Diana Southcott belongs to the First Family of the district and lives in a manor house located high on a hill. They meet in their mid-teens and she looks immaculate sitting perfectly attired in full riding gear on the back of a big bay mare, while he is labouring in a smelly drain outside his parents’ humble cottage. The difference between them is obvious, however, there is a definite connection.

Diana’s mother is determined she will marry within the gentry ranks and suggests all manner of likely contenders when it’s time for her ‘coming out’. Tom finds passion in the revolutionary Labour Movement with hopes of bringing reform for the poor and infirm.

Time passes and he finds love with a young schoolteacher in the midst of a terrible war. It leaves carnage wherever it touches, most especially on the citizens of the countries involved. Tom holds high hopes for ‘tomorrow’ with the woman he loves and a new career in politics — despite that dreadful war bringing with it a fractured body and in its aftermath, a mountain of heartbreak.

In A Question of Trust, Penny Vincenzi enables readers to get inside her protagonist’s darkest hours with deep pathos and heart-wrenching descriptions of the loneliness that comes with losing a loved one. One paragraph commencing, “Loneliness had become the heart of his life…” pulled achingly at my heart. I wanted to hold his wracked soul in a mother’s arms to provide some much-needed comfort and healing.
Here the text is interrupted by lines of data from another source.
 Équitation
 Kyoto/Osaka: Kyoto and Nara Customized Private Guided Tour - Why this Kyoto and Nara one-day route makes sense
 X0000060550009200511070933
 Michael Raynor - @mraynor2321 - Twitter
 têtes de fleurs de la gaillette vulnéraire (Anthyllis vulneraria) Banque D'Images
Rising from the ashes, Tom gets further enmeshed in politics and he finds new hope in the form of a young and somewhat tempestuous nurse. While his heart still beats for Laura, he finds Alice helps push the loneliness away. Before long she agrees to become his wife, however, all is not happy in the Knelston house with a ‘perfect’ ghost always hovering in the background. Having three babies in quick succession doesn’t help to make a happy home.
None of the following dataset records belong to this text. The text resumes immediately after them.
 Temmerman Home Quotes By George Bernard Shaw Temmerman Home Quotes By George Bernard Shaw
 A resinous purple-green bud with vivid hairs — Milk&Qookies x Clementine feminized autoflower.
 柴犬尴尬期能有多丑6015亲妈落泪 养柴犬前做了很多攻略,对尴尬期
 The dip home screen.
Then a few years later, a woman from his past — now sitting in the ranks of one of the most sought-after models in Britain — pursues him with a fervour and passion any man would find hard to resist … even a would-be Labor MP. Not surprisingly, after a few more chance meetings laced with subtle touches and glances, and following a cruel and cutting fight with Alice, the inevitable happens.

Poor Tom has no idea of the disasters waiting for him around every corner once he takes that fatal step.

The rich prose is an enticing finger to beckon you into this former world. The research undertaken makes the subject matter and times thoroughly authentic and as an avid researcher myself, I enjoyed the efforts she put in, along with her descriptive scenes. It has everything: romance, betrayal, revenge, grief, politics, family life, glamour, secrets, wealth, poverty, sickness and health.

Like any good writer, each voice is distinctive with its own flavour and catching the era of all the decades this well-written novel explores. A Question of Trust contains a host of characters and thankfully the author has provided a list outlining each one for readers to employ.